Surprisingly, Jeong-hoon didn’t automatically agree with him. He frowned, turning
things over in his mind. “Let me think this through, logically, without any preconceptions.”

“Sure.”

“I know what your father was thinking when he planned this.”

“Are you kidding?” Kento said in surprise, and leaned forward.

“There’s only one condition that would allow an impossible plan like this to succeed.
GIFT would have to be perfect.”

“Perfect?”

Jeong-hoon nodded. “If the software models the form of the receptor and designs a
chemical structure that will flawlessly bind with it, then the only issue remaining
is what the people involved do with it.”

“You mean the process of actually synthesizing the drug?”

“Right. Which is why in the steps your father outlined he included the minimal assay
needed to determine if the synthesis worked or not.”

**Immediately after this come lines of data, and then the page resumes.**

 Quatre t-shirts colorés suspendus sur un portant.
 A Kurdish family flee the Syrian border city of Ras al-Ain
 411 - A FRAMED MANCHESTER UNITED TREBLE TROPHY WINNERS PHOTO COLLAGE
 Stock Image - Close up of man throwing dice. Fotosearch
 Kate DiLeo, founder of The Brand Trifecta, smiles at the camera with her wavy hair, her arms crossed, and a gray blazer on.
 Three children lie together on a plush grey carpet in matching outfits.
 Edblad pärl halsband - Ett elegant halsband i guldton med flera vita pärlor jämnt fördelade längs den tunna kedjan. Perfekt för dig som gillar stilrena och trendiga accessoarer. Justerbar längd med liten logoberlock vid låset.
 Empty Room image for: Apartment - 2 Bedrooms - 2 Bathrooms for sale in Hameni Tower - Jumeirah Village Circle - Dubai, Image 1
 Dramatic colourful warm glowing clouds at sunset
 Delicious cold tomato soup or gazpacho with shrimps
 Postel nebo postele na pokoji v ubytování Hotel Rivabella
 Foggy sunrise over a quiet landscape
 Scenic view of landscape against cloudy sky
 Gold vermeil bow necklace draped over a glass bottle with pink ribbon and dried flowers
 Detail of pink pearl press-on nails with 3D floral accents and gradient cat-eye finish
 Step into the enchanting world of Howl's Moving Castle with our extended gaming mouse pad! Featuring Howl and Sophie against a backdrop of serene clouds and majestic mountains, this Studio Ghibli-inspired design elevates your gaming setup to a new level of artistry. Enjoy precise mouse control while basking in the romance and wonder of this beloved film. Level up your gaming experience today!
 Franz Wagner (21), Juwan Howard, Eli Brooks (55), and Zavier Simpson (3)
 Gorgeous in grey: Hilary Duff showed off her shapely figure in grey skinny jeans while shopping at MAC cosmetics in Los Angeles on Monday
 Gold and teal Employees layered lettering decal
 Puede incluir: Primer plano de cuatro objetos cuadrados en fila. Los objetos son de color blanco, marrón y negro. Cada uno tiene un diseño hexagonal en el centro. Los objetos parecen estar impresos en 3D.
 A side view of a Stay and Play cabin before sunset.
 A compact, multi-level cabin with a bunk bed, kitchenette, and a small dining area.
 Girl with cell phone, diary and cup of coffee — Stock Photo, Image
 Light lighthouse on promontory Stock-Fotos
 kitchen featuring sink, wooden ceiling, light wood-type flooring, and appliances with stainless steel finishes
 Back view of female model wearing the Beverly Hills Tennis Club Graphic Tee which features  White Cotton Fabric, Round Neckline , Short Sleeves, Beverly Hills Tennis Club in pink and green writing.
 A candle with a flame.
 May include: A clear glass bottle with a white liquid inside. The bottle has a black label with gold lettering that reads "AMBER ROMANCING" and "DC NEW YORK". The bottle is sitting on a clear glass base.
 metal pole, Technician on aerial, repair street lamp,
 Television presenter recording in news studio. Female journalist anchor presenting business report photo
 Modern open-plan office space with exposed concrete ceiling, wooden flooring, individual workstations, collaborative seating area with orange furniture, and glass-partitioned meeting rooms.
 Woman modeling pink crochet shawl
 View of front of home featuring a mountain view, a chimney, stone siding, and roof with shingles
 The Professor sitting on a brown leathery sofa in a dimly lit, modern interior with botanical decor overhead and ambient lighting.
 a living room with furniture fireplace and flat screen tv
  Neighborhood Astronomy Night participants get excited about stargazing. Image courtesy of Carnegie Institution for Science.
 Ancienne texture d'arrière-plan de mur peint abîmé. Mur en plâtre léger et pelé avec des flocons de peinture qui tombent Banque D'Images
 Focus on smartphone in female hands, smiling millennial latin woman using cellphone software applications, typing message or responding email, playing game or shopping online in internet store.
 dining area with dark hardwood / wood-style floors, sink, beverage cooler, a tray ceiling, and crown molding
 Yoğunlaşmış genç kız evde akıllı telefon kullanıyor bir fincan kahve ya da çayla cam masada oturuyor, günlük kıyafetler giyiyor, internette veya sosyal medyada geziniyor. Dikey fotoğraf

Apart from the question of whether this was really possible, logically Jeong-hoon
was entirely correct. As long as the drug design software created a perfect blueprint,
all that would remain for the drug to be complete would be synthesizing the chemical
compound.

The software you’ll need for the research is in the white laptop, so use that.

His father’s message had given him all the directions he needed. As Jeong-hoon had
said, assuming that GIFT was perfect, they should be able to complete the task.